*Work order*:
In the records below, repeat word for word only the lines starting at the one that contains "Galatasaray maçı öncesinde" and ending at the one that contains "Juki Ponteriz Ayak", pictures excluded.
START The data
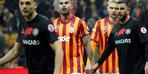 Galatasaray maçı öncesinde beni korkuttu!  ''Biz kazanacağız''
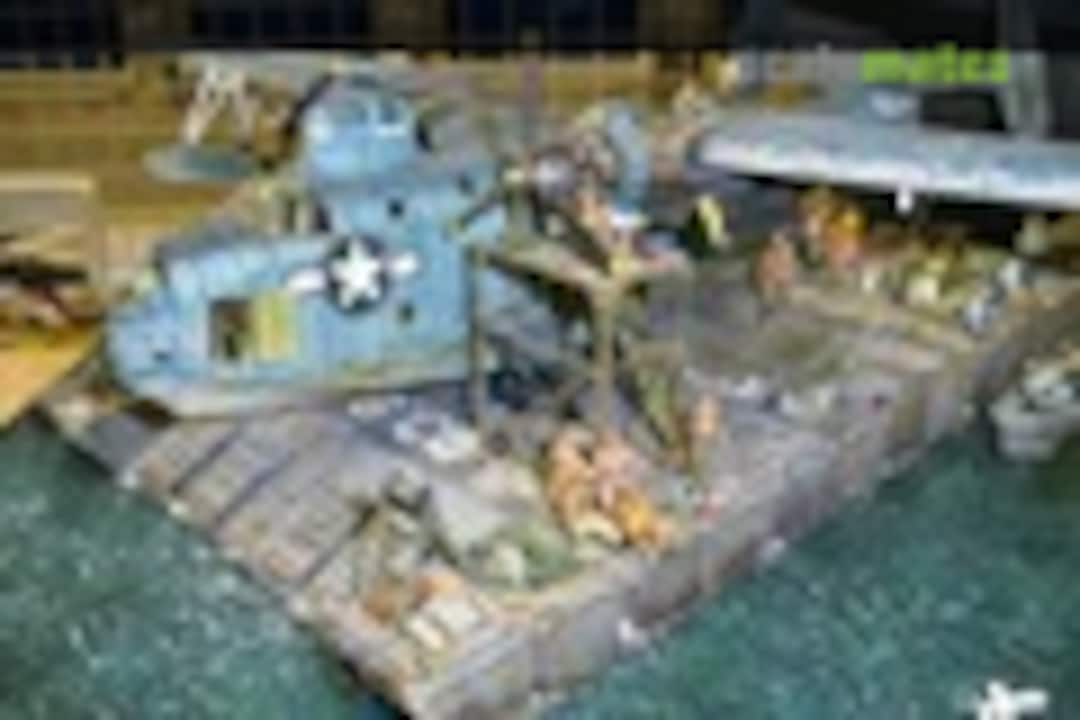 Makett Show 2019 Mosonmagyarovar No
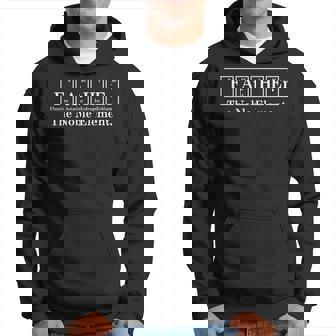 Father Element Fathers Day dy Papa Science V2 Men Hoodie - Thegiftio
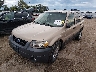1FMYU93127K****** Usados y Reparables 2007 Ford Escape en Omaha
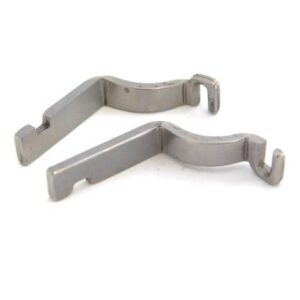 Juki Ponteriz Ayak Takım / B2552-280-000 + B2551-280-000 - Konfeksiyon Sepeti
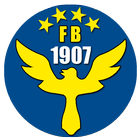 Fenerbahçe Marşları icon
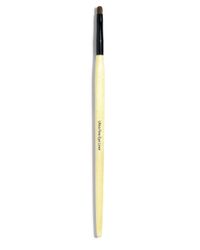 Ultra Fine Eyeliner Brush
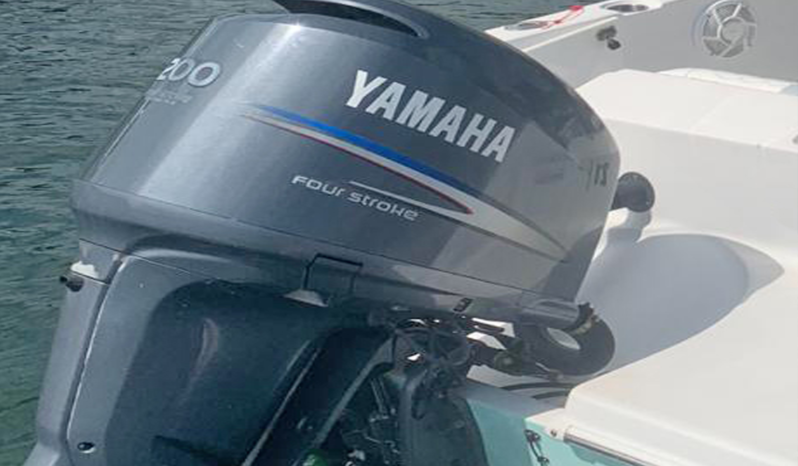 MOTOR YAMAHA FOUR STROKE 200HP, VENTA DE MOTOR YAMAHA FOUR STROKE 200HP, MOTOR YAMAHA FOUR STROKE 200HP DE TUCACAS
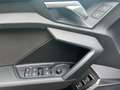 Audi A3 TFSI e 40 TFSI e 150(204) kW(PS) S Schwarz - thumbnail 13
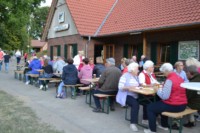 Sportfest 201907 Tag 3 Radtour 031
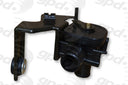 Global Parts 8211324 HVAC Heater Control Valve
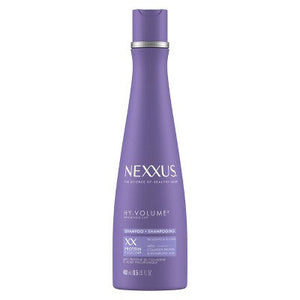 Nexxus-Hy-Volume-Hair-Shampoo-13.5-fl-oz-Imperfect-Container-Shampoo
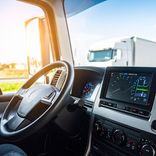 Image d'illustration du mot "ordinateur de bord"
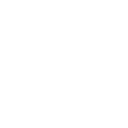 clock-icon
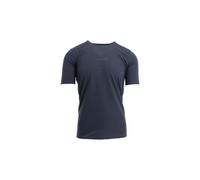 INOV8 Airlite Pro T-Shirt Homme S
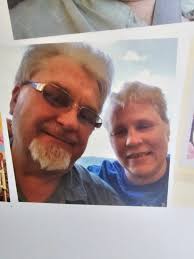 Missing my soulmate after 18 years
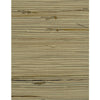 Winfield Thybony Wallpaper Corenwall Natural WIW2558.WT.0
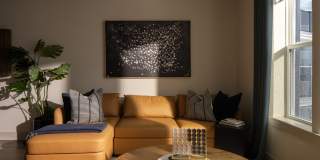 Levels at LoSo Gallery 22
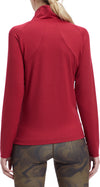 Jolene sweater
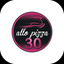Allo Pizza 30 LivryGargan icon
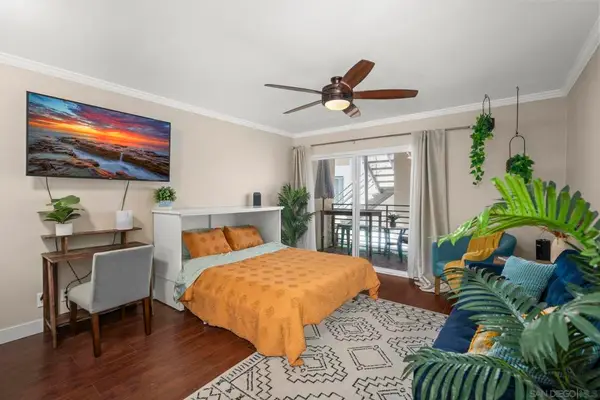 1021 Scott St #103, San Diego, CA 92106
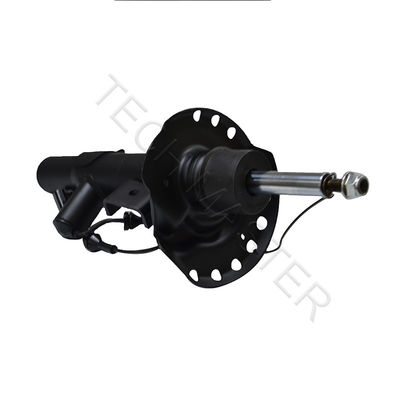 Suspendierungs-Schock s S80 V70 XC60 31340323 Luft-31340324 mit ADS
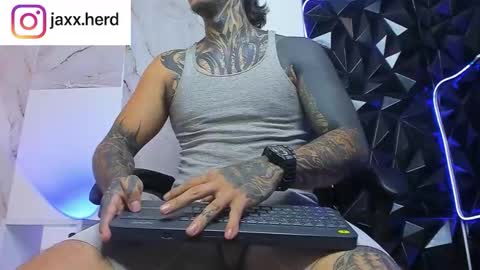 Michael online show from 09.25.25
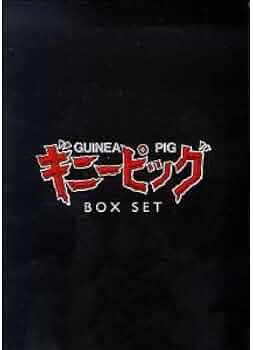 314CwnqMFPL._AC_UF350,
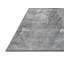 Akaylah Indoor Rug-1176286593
END The data
START The data
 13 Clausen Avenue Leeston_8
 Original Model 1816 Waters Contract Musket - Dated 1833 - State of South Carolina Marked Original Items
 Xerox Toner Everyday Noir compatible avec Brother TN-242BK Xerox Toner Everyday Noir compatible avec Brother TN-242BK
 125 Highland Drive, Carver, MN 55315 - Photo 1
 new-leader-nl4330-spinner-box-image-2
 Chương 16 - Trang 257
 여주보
END The data
*Exercise answer*:
 Galatasaray maçı öncesinde beni korkuttu!  ''Biz kazanacağız''
 Makett Show 2019 Mosonmagyarovar No
 Father Element Fathers Day dy Papa Science V2 Men Hoodie - Thegiftio
1FMYU93127K****** Usados y Reparables 2007 Ford Escape en Omaha
 Juki Ponteriz Ayak Takım / B2552-280-000 + B2551-280-000 - Konfeksiyon Sepeti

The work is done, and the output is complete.